● **How to complete this task**
Pictures stay out of the copy. Retype exactly the lines below from the one with "A person standing" through the one with "for text Photo".

● **Available data**

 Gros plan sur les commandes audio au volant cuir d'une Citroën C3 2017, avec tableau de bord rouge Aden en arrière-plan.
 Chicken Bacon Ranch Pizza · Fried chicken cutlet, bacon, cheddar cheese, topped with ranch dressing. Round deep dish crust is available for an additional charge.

--

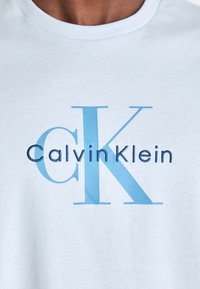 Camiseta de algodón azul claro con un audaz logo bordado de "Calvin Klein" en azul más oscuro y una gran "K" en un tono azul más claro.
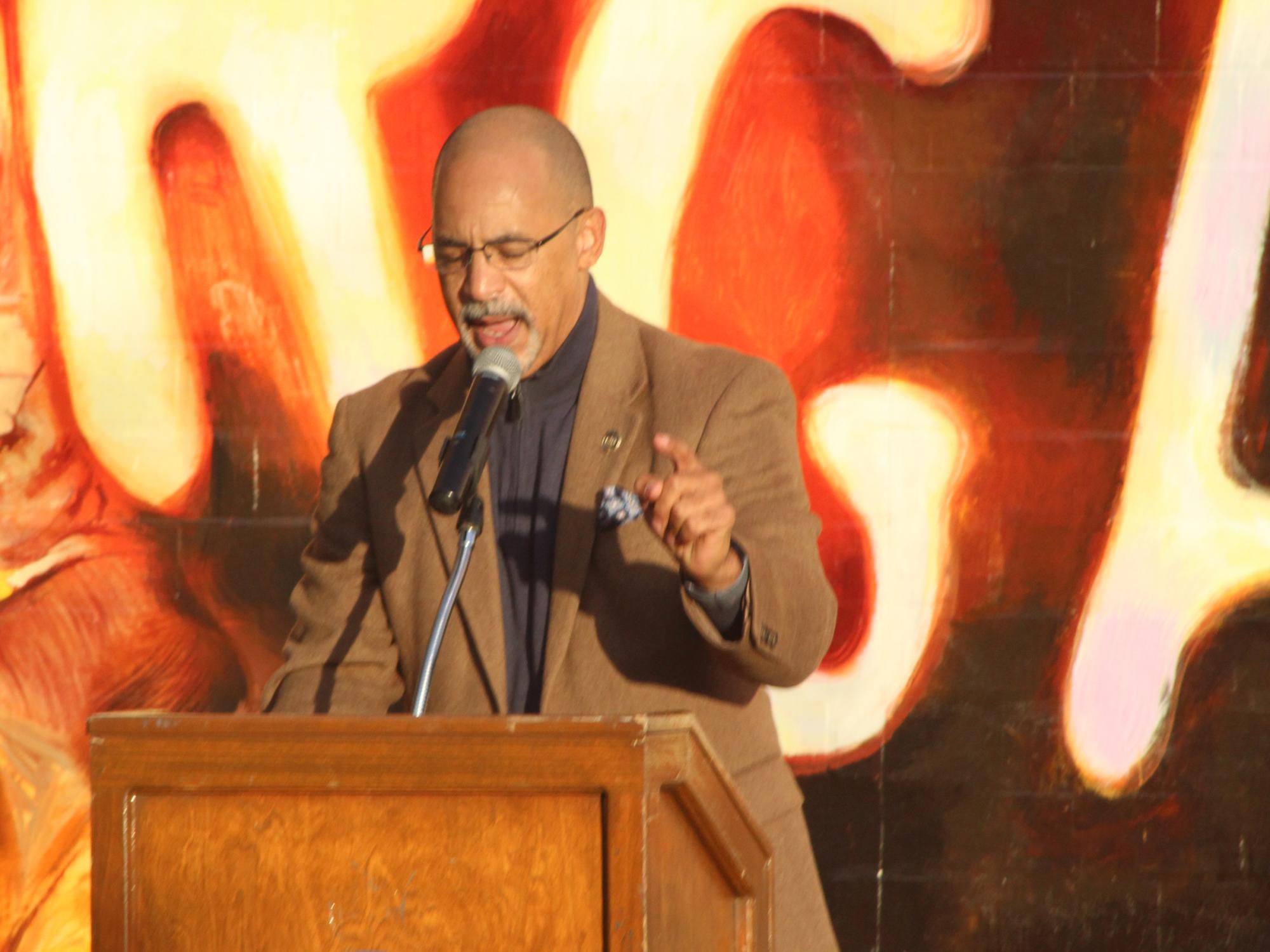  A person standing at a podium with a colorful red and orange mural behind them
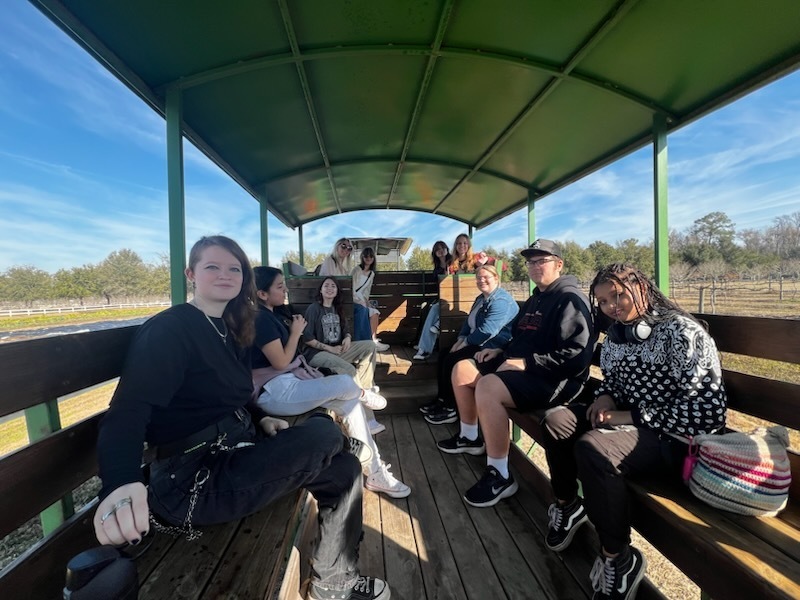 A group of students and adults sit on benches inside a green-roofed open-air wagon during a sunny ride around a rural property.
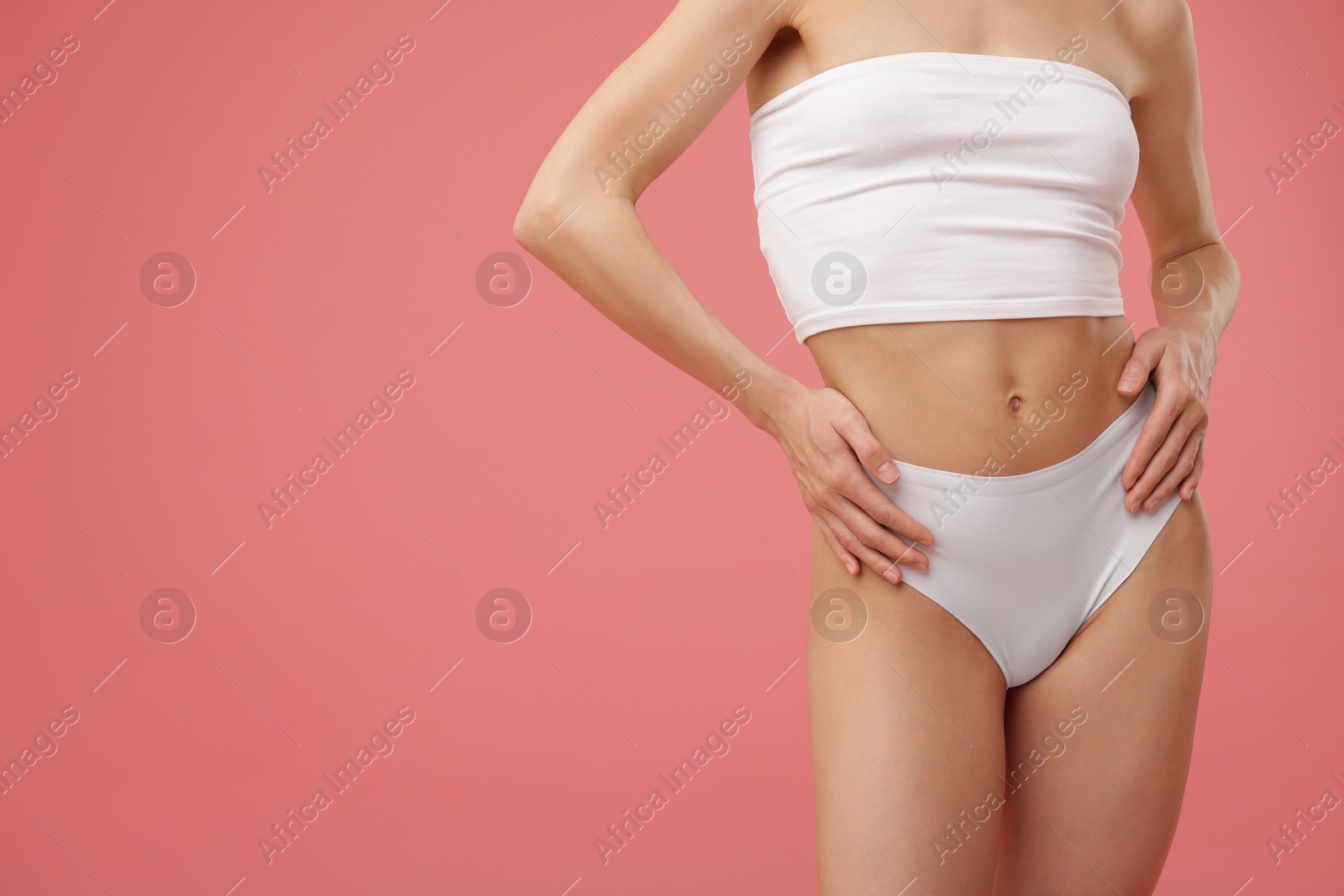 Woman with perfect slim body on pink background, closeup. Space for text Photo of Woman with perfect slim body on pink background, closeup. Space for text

==

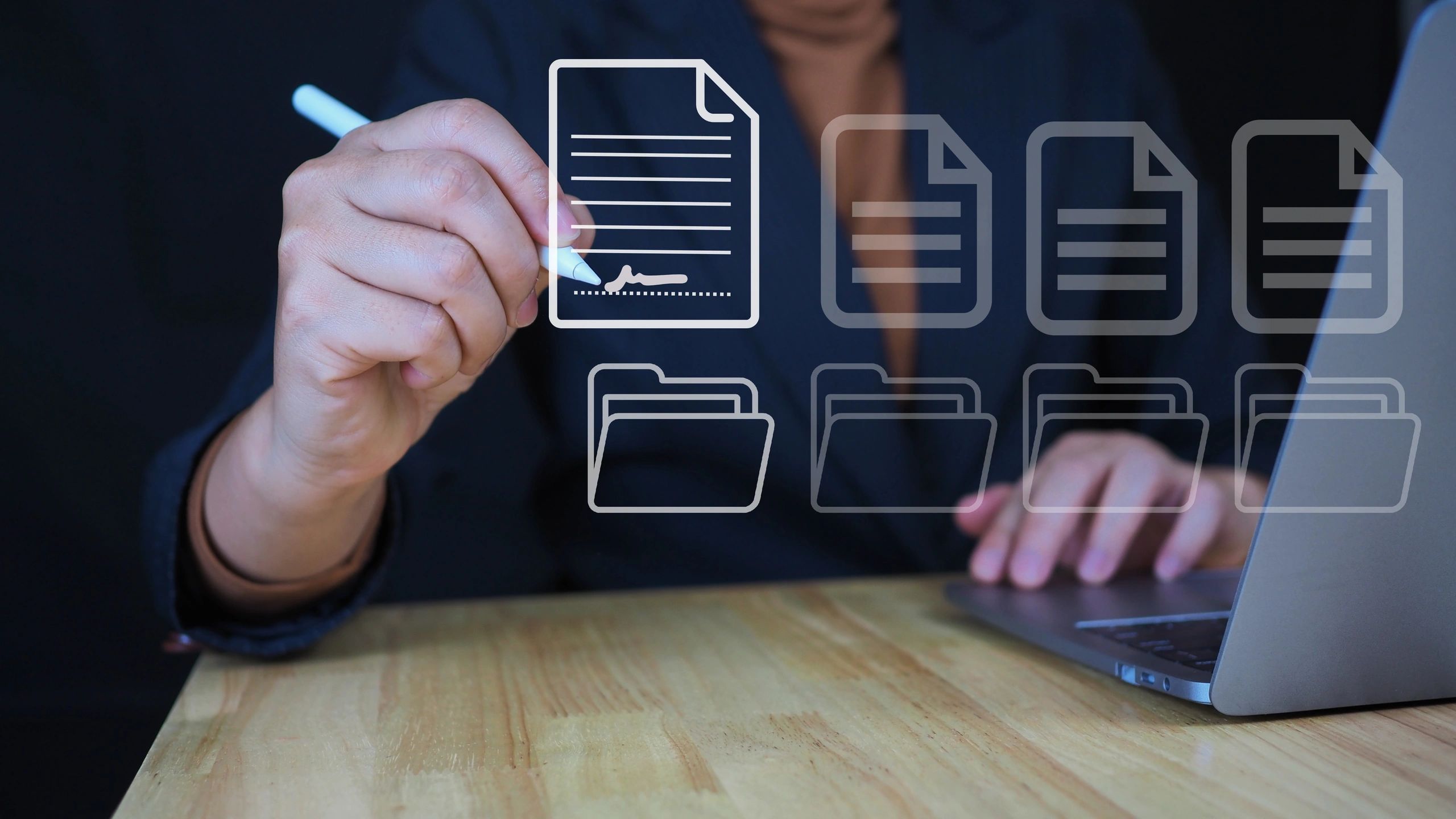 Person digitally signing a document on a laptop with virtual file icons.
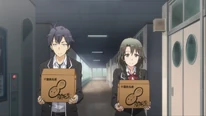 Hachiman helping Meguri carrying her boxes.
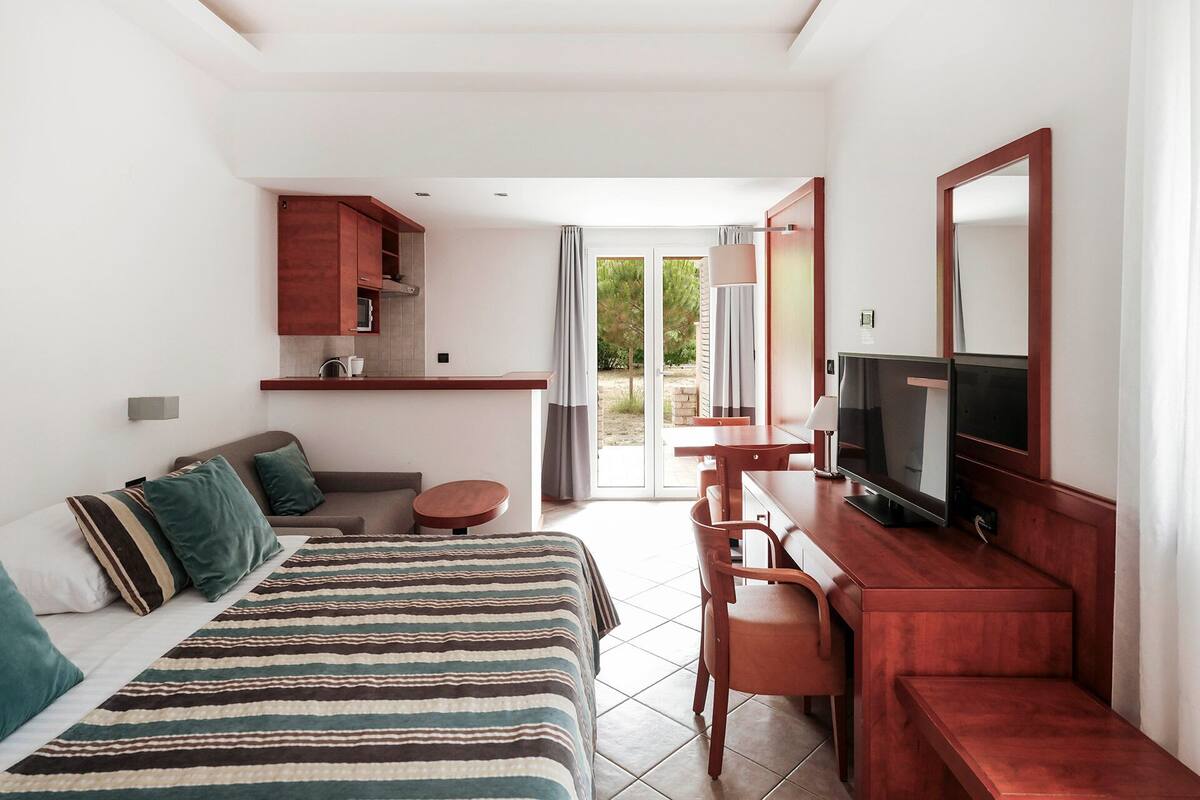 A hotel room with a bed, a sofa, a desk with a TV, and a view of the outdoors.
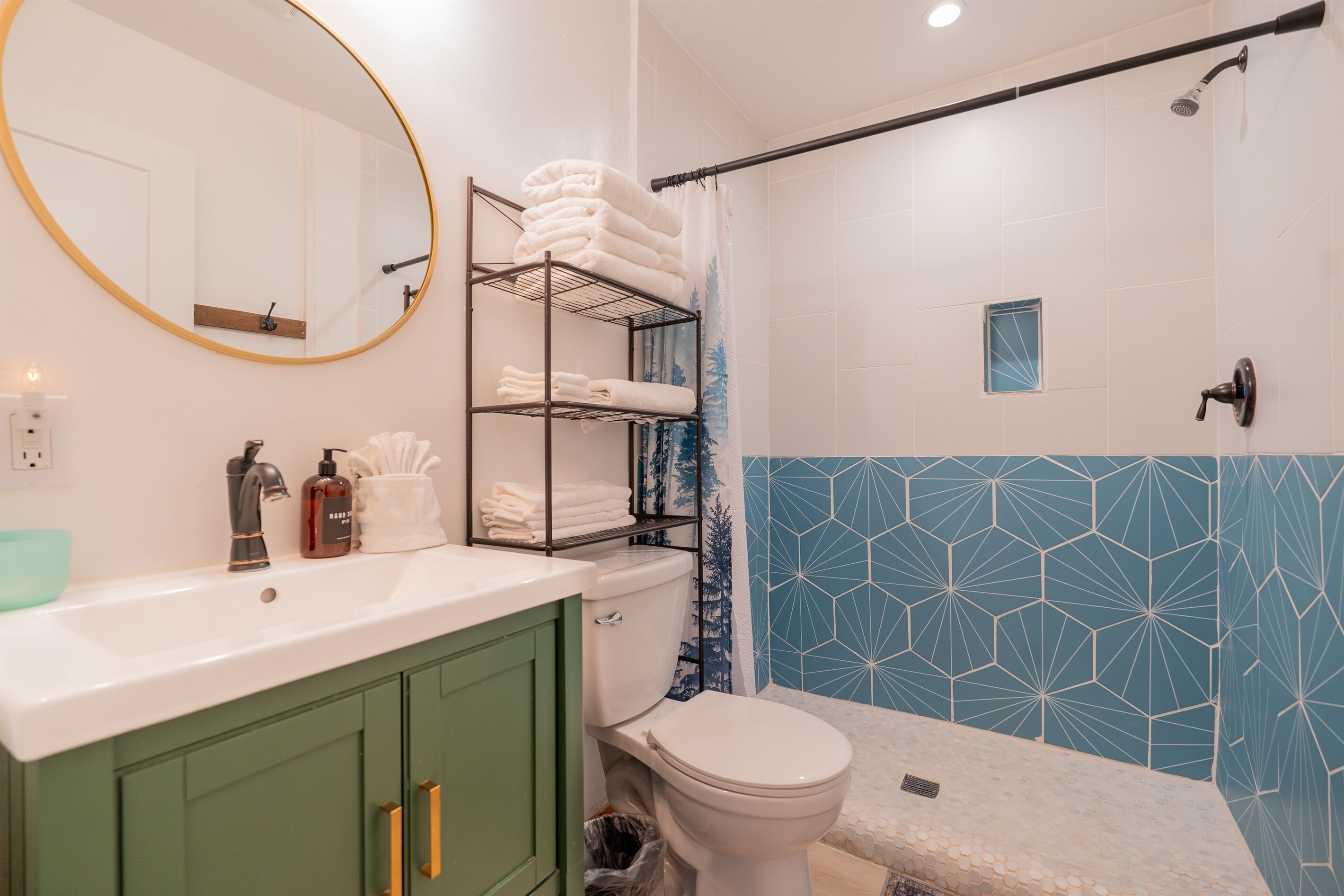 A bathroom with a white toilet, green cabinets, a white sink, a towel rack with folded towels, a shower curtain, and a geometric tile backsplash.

● **Result of this task**
  A person standing at a podium with a colorful red and orange mural behind them
 A group of students and adults sit on benches inside a green-roofed open-air wagon during a sunny ride around a rural property.
 Woman with perfect slim body on pink background, closeup. Space for text Photo of Woman with perfect slim body on pink background, closeup. Space for text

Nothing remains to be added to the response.